Each Hunter was ready, with camouflage fair, one with roses, and fruit of the pear.
He knew he’d attract, the best of the breed, for he’d grown both the roses, and pears up from seed.
Another a stump, with fungus had he, and a frog on the top for fair company.
And of all of the hunters, this fellow named Pish, never carried a hammer, he swore by a fish.
The third Poigle Hunter, wore butterfly wings, and carried a trumpet, flute, whistles and things.
He thought would best catch him, a Griggle or Croale, with his blue ribbon tied hammer, atop of his pole.
The fourth Poigle Hunter, they thought him absurd, he was covered in feathers, wore a beak like a bird.
But they had to be careful, whatever they said, for he carried an egg, in a nest on his head.
The fifth Poigle Hunter, they bore with a moan, for he thought to use, “camo,” of pure solid stone.
His hammer was too short, his vision not bright, and he always looked squashed, and a terrible fright.
But they must endure him, as such is the case, for his Grand Sire had sponsored the Club, and the Chase.

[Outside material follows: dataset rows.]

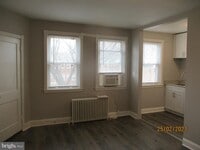 909 St Dunstans Rd photo'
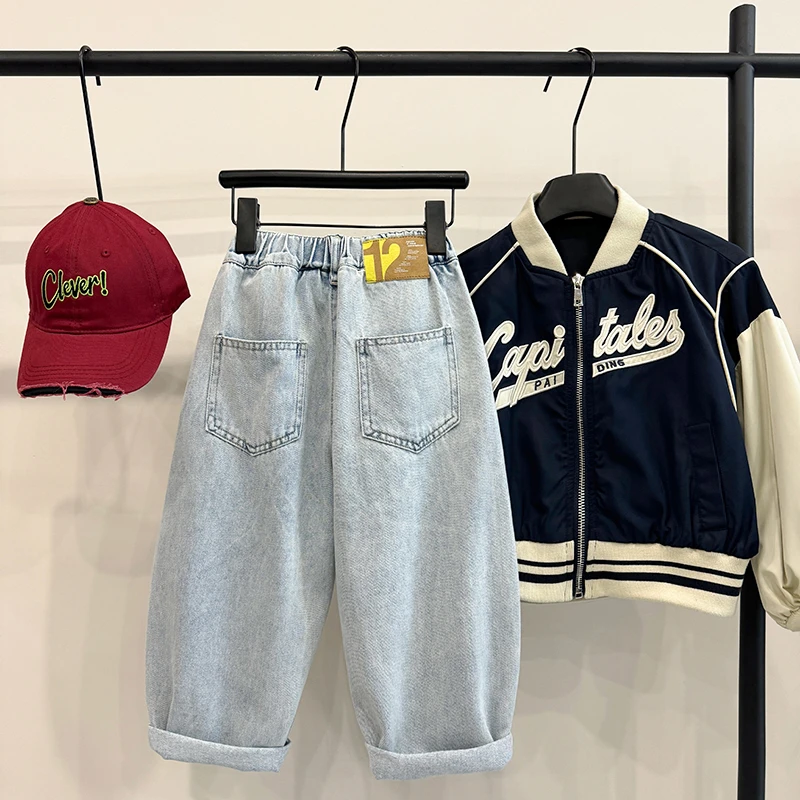 【小首尔】现货-qc8秋装儿童韩版潮流贴标休闲宽松牛仔裤子HBB2529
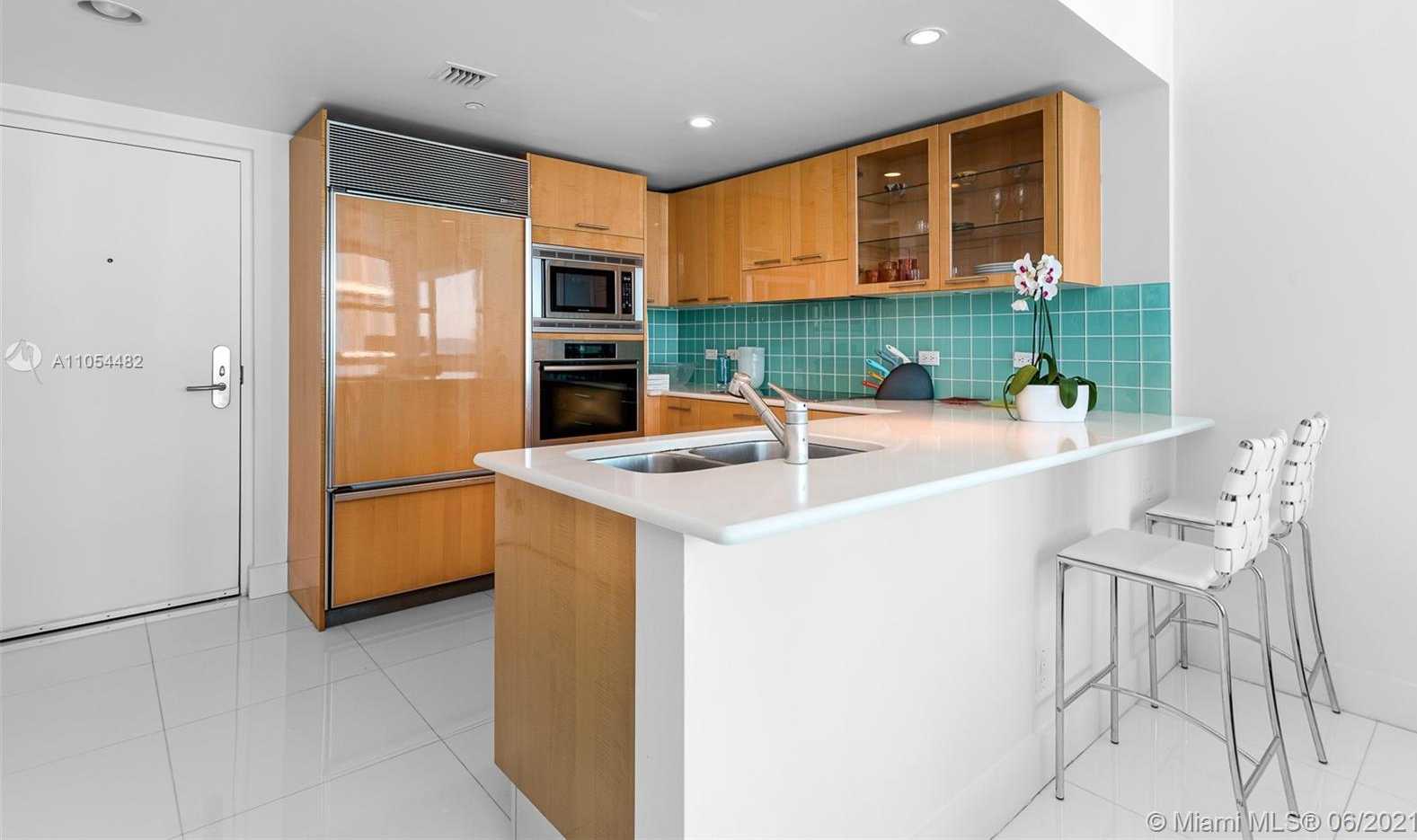 Small Image of 6801 COLLINS AVE #C1411, Miami Beach Number 5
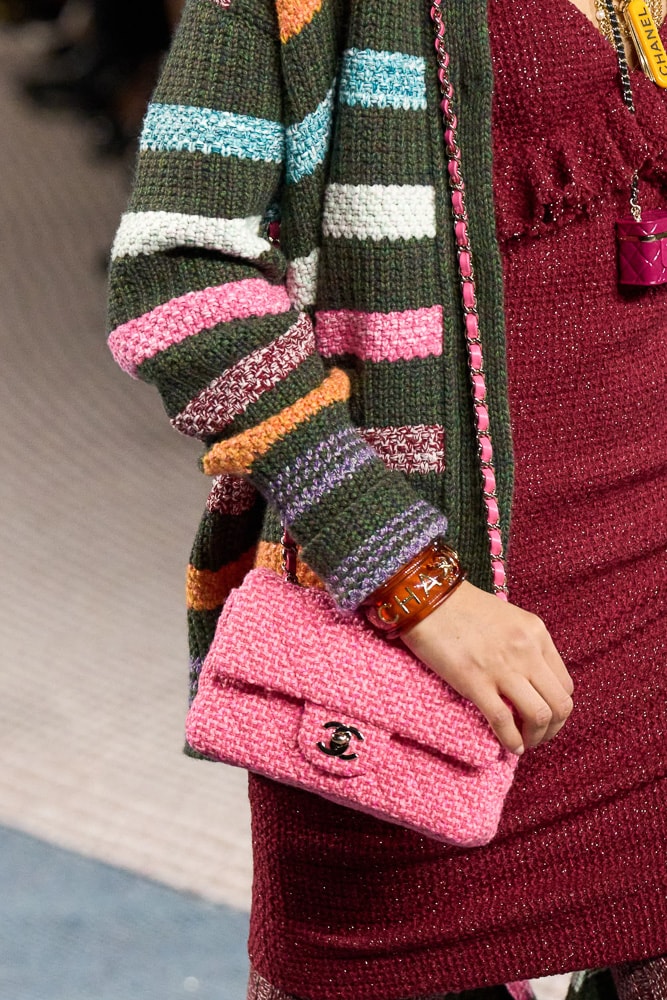 chanel fall 2022 is an ode to tweed handbags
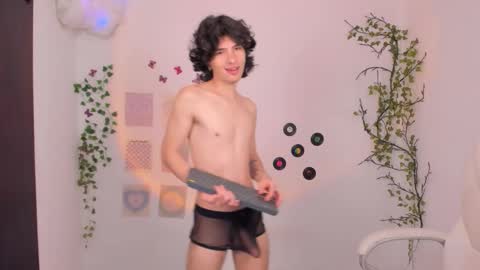 Angel online show from 09/30/25, 07:41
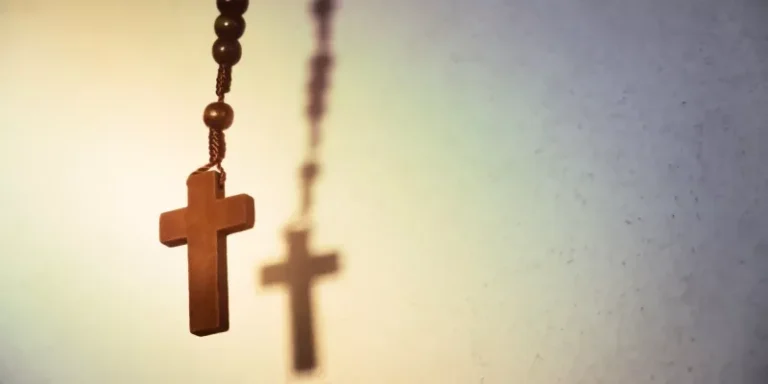 Condenan a sacerdotes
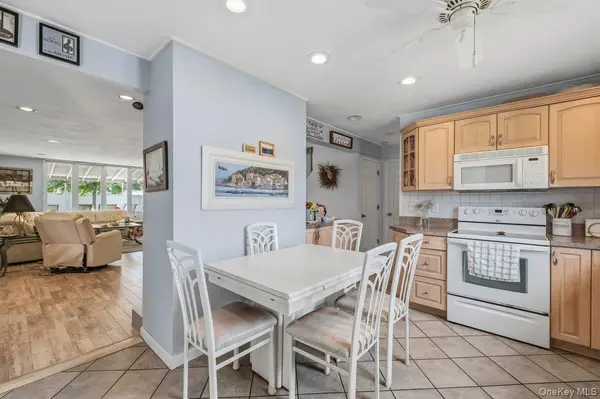 27 Wheelbarrow LN, Wantagh, NY 11793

Now the sixth Poigle Hunter, a dandy was he, ‘Twas the best of the best, and the hardest to see.
For tho he was dressed, as the rest in some way, when dusk turned to night, he just faded away.
He had learned to be quiet, he had learned to be still, for the hunt of the Poiggle Birds, gave him a thrill.
The rest dressed for daytime, ‘twas foolish thought he, when night was the time, for the Birds in the tree.
To be most at rest, and to be least aware, if a hunter crept up, with the greatest of care.
He could tap a fair Griggle, on top of its head, or a Croale, on the back, was the place it was said.
They’d have to come freely, and grant you a wish, and you'd surely not catch them, with some silly fish.
His hammer was finest, his pole of the best, and he knew of the hunters, he outshone the rest.
What made him so able, you shall soon see, to vanish at will, when in sight of the tree.
‘Twas a close guarded secret, kept by his whole Tribe, and it couldn’t be got, by gold, silver, or bribe.
For this one had been kept, down through very long ages, tho stories of it, had been told by the Sages.
This secret long kept, was a cloak, grey and black, that could shrink down to size, and fit into a pack.
Or a pocket, or purse, or a bag at your side, it was easy to carry, and easy to hide.
For their Clan had long ago, caught Poiggle Birds, and got what they wished, not by halves, nor by thirds.
For their very first hunter, had known what to ask, so now hunting for them, was no longer a task.
But a good bit of fun, time to dress up and act, for full costume was part, of their Poiggle Bird pact.
For the wish from the Birds, came with certain reserve, the cloak only given, if they had the nerve.
To play at illusion, to play at the Hunt, from their largest of hunters, to their smallest runt.
They must swear to keep secret, the source and the cloak, from the highest Punter, to their humblest of Folk.
Or the cloak would betray them, in their neediest hour, it would fade from existence, and lose all its power.
So naturally it followed, that unto a man, the “Punter’s,” had sworn, every man of the Clan.
For ‘twas a great treasure, it brought them great pride, so the cloak was a secret, most easy to hide.
And it still is a secret, they have to this day, so if you don’t go tell it, they’ll keep it that way.
Which is why, tho they’ve tried, no other hunters nor soul, has ever since caught, either Griggle or Croale.